That's where this immigration crackdown comes from.

And so part of what has made it surprising is Trump remains Trump, but there were a lot of people who thought very hard about how to move quickly, to use what limited time they had and to use him

to achieve their ends and that relentlessness and that ability for Trump to cast about

and then have a team behind him that follows through right like in the first term if Trump spouted off about saying a woman in Colorado should be freed for her part in the election denial scheme and that she's being tortured or if she's not freed there'll be consequences you could usually write that kind of thing off as him using bluster and forgetting about it.

But now there are people writing these things down, thinking about what the next step is, thinking about how to use that, right?

And so like that, that has been surprising, the kind of comprehensiveness of it and

the relentlessness of it.

I think they just determined too, you know, they wanted to be the Jillian Michaels.

They wanted to be the hardcore trainers that don't let you fucking breathe.

There's not a moment to breathe.

There's no second to even think about what the last chaos was.

What the last punch was or what the abuse was.

It's just being obliterated in the ring.

And that's kind of what I think.

I think they just became this.

And we're being trained to not stop and not breathe.

Yeah, it's a bummer for sure.

And speaking of being unable to keep up,

it's time for a segment we call News It or Lose It.

Here's how it works.

We're going to talk about it.

We're going to quiz you both about the news.

Look at it.

Great.

you go.

There we are in our news it or lose it.

It's going to be uplifting.

This is a local news edition that we're going to cover a bunch of local stories from across the country.

After name-checking Chicago and Baltimore for cities he planned to target for National Guard deployments, Trump shouted out what Red State City is a potential location for a federal crackdown.

I'll give you a hint.

I guarantee nope.

Guarantee it.

I guarantee it.

New Orleans.

You got it.

Next question.

Alex, this one will be for you.

I'm not even sure how the game was.

Your accent gave me the clue.

Yeah, it was really good.

It was really good.

It was really good.

Didn't you catch it?

Didn't you catch that I was speaking as if I got wrong to you?

Oh, that was an accent.

Yes, that was a New Orleans.

Occasion, the Cajun.

I misunderstood.

I thought you were having a stroke.

I apologize.

Agut.

No, no, no, I really.

It was like that total recall moment where the robot just melted down.

Two weeks.

Two weeks.

That was my plan, to do the worst voices in front of Alex Borstein.

On Tuesday, while the nation waited breathlessly to see if Donald Trump had kicked the bucket, his administration announced that he had kicked the U.S.

Space Command from Colorado Springs, Colorado, to what southern state, Alex?

Oh, I know this.

Starts with an A.

Sweet home.

Alabama.

That's right.

Colorado lawmakers immediately objected, which will require three to four years of building and billions to create facilities equal to those that already exist in Colorado Springs.

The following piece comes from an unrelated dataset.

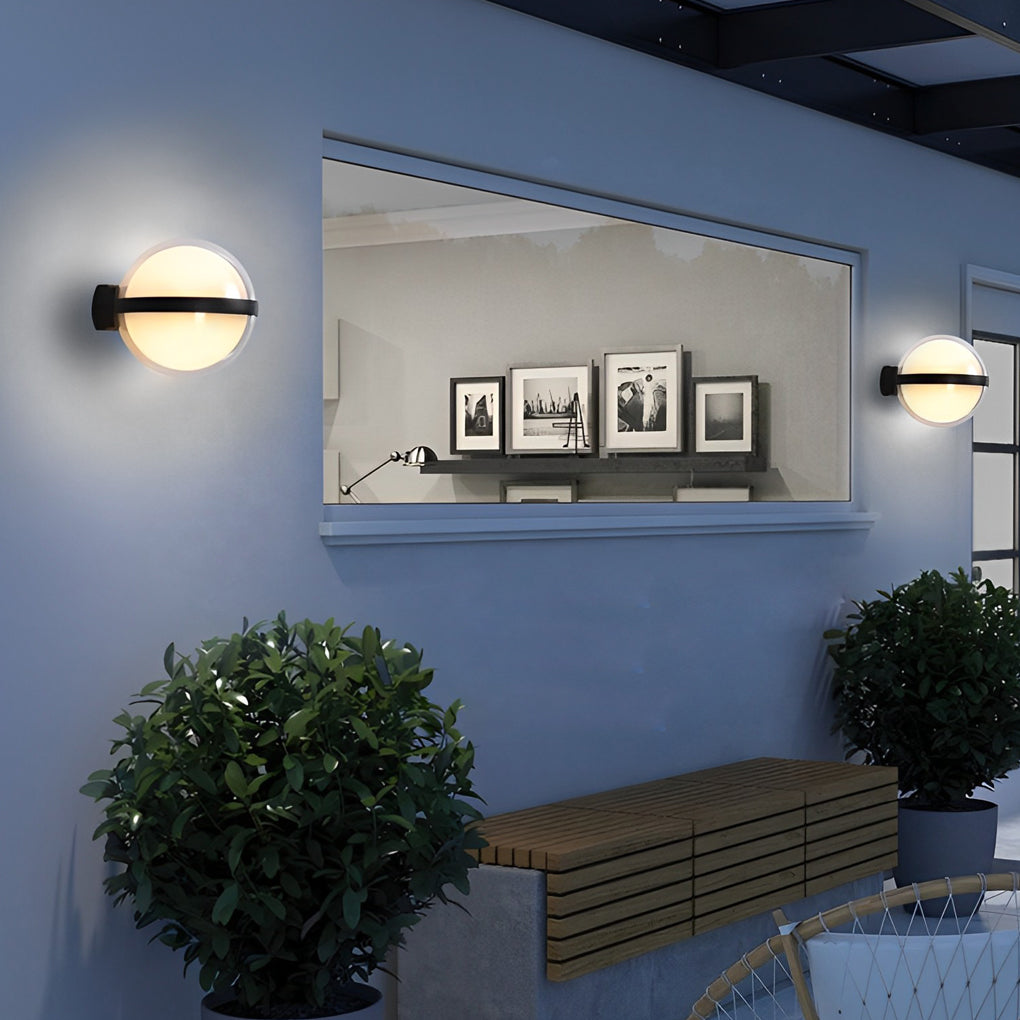 Round Up/Down Outdoor Wall Sconce — Iron and Acrylic, LED, 3-Color Temperatures, IP Weatherproof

Two Colorado senators and eight House members objected, saying, bottom line, moving Space Command headquarters weekends our national security.

I mean, of course, what else are they going to say?

But what?

Bama.

Bama.

Yeah.

It's fun to say that.

Roll tide.

Bama.

Roll tide.

Nevada endured its second week grappling with a widespread calamity.

Was it A, a statewide ransomware attack, B, dust storms brought on by the state's cataclysmic drought conditions, or C, brownouts caused by the Las Vegas sphere's massive electrical needs?

Wait,

I wasn't listening.

Go back to the beginning.

The answer is statewide ransomware attack.

You said Nevada.

Oh, I missed the whole thing.

Alex, which state banned the sale of lab-grown meat in stores and restaurants?

I'll give you a hint.

I guarantee it's not that place,

But it's nearby.

That was the hint that it's near.

That's

close to New Orleans.

Give it your best, y'all.

Give it your best guess.

I guarantee it's

a state that's very

meat-friendly.

Is it Texas?

It is.

Yes.

It is.

So they banned.

There's no chemical.

Well, cultivated meat, I think they like to call it.

But I still don't think they've landed on the right name for the lab-grown meat, which I'm a fan of.

I'm a favor of because I believe in a future where they print T-bone steaks like the size of pizza boxes.

It was actually,

it was actually my nickname in college was cultivated meat.

Wow.

It's a long nickname, but accurate.

It's beautiful.

So weird, a night of so many coincidences.

It's a night of coincidences and connection.

Yeah.

And connection.

By the way, you can keep that note.

Thank you.

Here in California, the golden state with rent prices to match, match, Democrats are at odds over Senate Bill 79, which would override local zoning laws to allow for more housing, specifically multi-family buildings up to seven stories near what?

Starbucks?

Indirectly, yes.

Schools?

It is near, is it A, municipal buildings like libraries and post offices, B, major transit stops, or C, the bridge the red-hot chili peppers sang about in that song?

Is that bridge a landmark now?

Look, there they are.

There they are.

Give it away.

Give it away.

Give it away now.

They were so cool.

They were so cool.

Are they still with us?

Yeah.

Okay.

It's near major transit stops is the answer.

And it's, and I just for everybody listening, there's currently a debate in the state house.

around whether or not to pass SB 79.

It is a bill that would take a modest step towards allowing construction of seven-story buildings near transit stops.

Now, there's been some kind of

suggestion that that would mean every bus stop.

It's not every bus stop.

It's towards, you know, it's to basically major transit stops to allow construction of apartments where people want to live.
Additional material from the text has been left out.